Guys we are forgetting something here!

Two months after the watering down of negative gearing (July 1985) "Capital Gains Tax" was introduced at 50% (September 1985). Before then there was no Capital Gains Tax. 

No doubt this new 50% CGT would have contributed to the problem with Negative Gearing. However, it took two years before one of them was reversed and it happened to be Negative Gearing.


----------



## Garpal Gumnut (4 July 2010)

wayneL said:


> If the property portfolio is likely to return a trading profit within a reasonable time frame (say 2 or 3 years), then I agree the losses should be deductible in the current year. If there is no chance within the forseeable future, the deductions should be deferred.
> 
> This is as how it applies to normal business.




I'm not an economist and when I started the thread, I may have slightly overstated the case for banning NG , as such, as business needs to borrow to capitalise, stock etc. to make goods/services to turn a profit.

wayneL's statement above basically fits with my original intent of the thread....I think...., but because I'm not an economist I don't want to get in a **** fight with every smart **** on ASF who brags about making a quid from borrowing. 

My basic premise is.
Houses are overpriced.
Young couples cannot afford them without disrupting their responsibilities to their children or the community.
Many capitalists use negative gearing in a lazy way that provides no useful outcome for the economy.
Higher house prices inevitably leads to higher rents and makes it less likely that citizens will be able to save to afford their own houses without being imprisoned in a long debt to the banks.

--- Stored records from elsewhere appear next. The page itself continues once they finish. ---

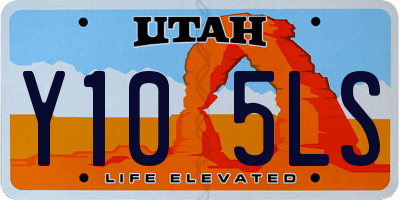 UT license plate Y105LS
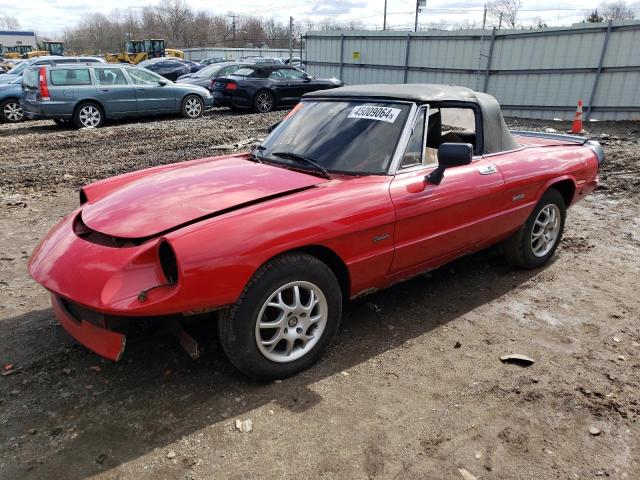 ZARBA5411G1044234 - 1986 ALFA ROMEO VELOCE 2000 SPIDER RED photo 1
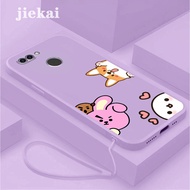 Case Huawei nova2 lite y7 2018 Phone Case Silicone Shock-resistant New Design Cute Three Probe Protective Cases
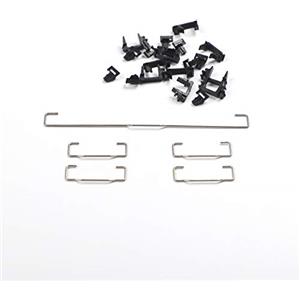 YMDK Costar Style - Stabilizzatori Costar con palo di bilanciamento sollevato, 6.25u 2u, per tastiera meccanica MX Filco (kit 1 per tastiera 60 87)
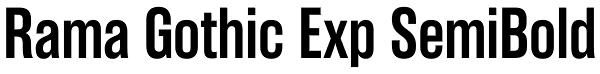 Rama Gothic Exp SemiBold Font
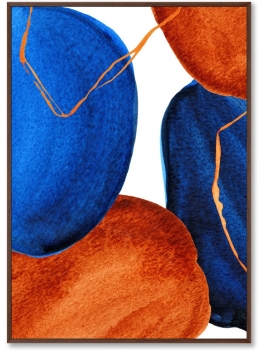 Диптих Forms and colors composition No41 75X105 / 75X105 CM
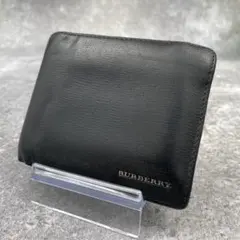 BURBERRY バーバリー 折り財布 黒 ブラック レザー ノバチェック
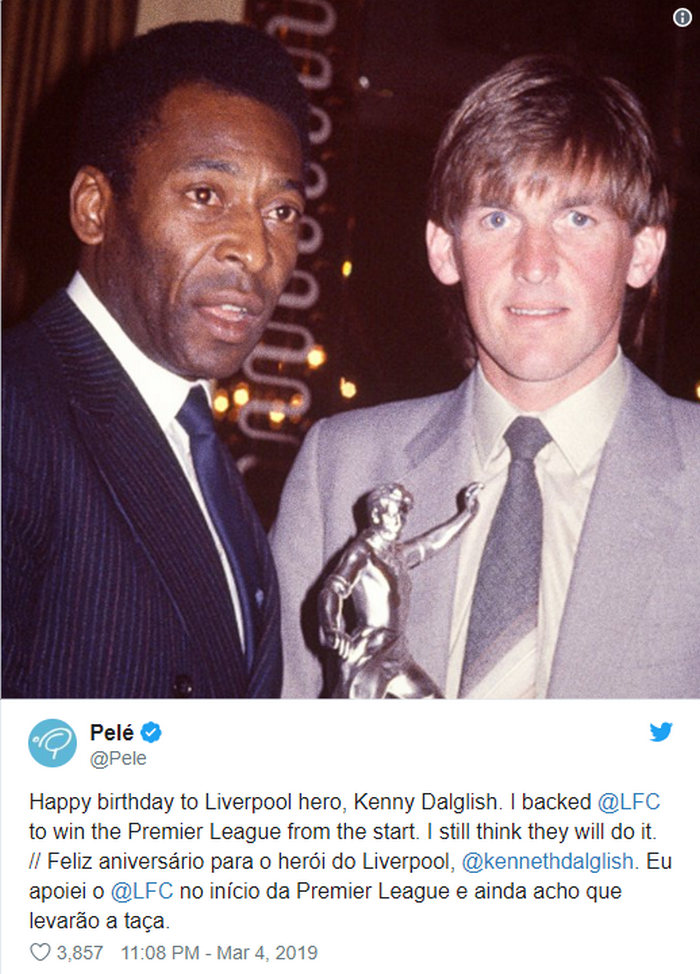 Man City hay Liverpool? 'Thánh dự' Pele đã có phán quyết cuối cùng - Bóng Đá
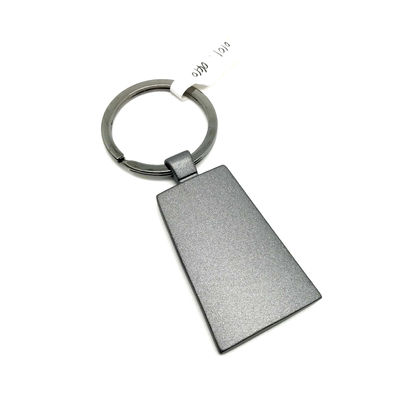 Individuele polybag pakket metalen sleutelhanger met aangepaste logo gravering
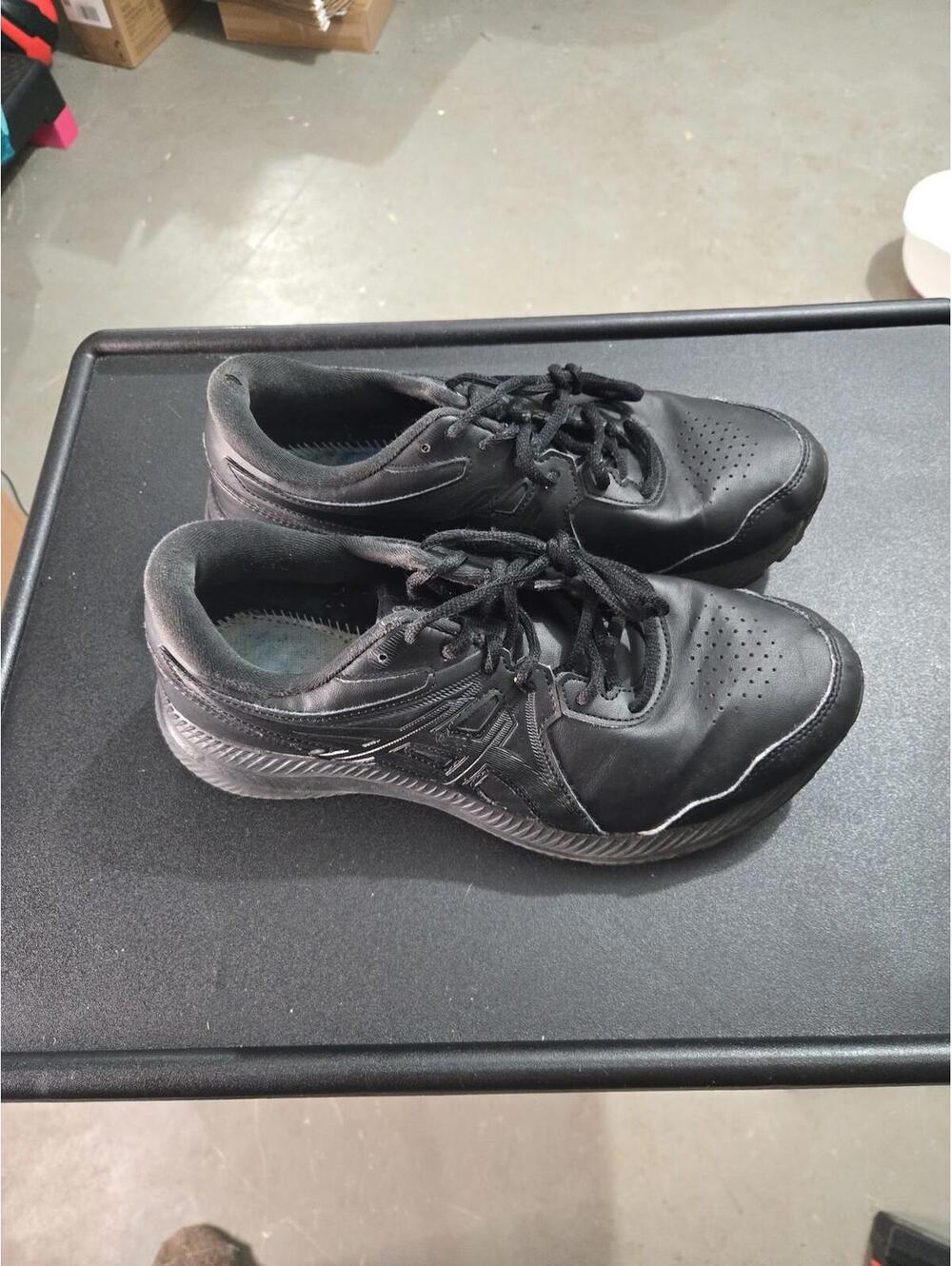 ASICS Men's Black Synthetic Leather Athletic Walking Shoes Size 8.5 Used - Picture 5 of 5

That was my reason for starting the thread.

gg


----------



## drsmith (4 July 2010)

MR. said:


> Guys we are forgetting something here!
> 
> Two months after the watering down of negative gearing (July 1985) "Capital Gains Tax" was introduced at 50% (September 1985). Before then there was no Capital Gains Tax.
> 
> No doubt this new 50% CGT would have contributed to the problem with Negative Gearing. However, it took two years before one of them was reversed and it happened to be Negative Gearing.



That makes sense especially when one considers the property price response to John Howard's 50% CGT discount. This change rewarded shorter term investment (speculation) at the expense of longer term investment.


----------



## It's Snake Pliskin (5 July 2010)

Garpal Gumnut said:


> My basic premise is.
> Houses are overpriced.
> Young couples cannot afford them without disrupting their responsibilities to their children or the community.
> Many capitalists use negative gearing in a lazy way that provides no useful outcome for the economy.
> ...




It has been my opinion that wealth should not be made through housing in the form of capital gains. Because of the bubble mentality of buying to make wealth a lot of people are not in a position to buy. Sadly, renting is overly expensive in cities now too. 

Robert Kiyosaki focusses on cash flow according to his writings.


----------



## hmmm (5 July 2010)

Garpal Gumnut said:


> My basic premise is.
> Houses are overpriced.
> 
> gg




You are unfortunately correct and this sucks balls.


----------



## drfuzzy (5 July 2010)

Garpal Gumnut said:


> The time has come to abolish negative gearing on investments both stock and property.
> 
> Too much dead money is being gambled by people with no real understanding of markets or gearing, resulting in catastrophic losses during the gfc.
> 
> ...




You can't be serious.  

The government attempted to abolish it in the 1980's and the housing market fell apart.  Two years later?  Negative gearing was back and better than ever.

You probably agree with the Resources Super Profits Tax as well I am guessing.  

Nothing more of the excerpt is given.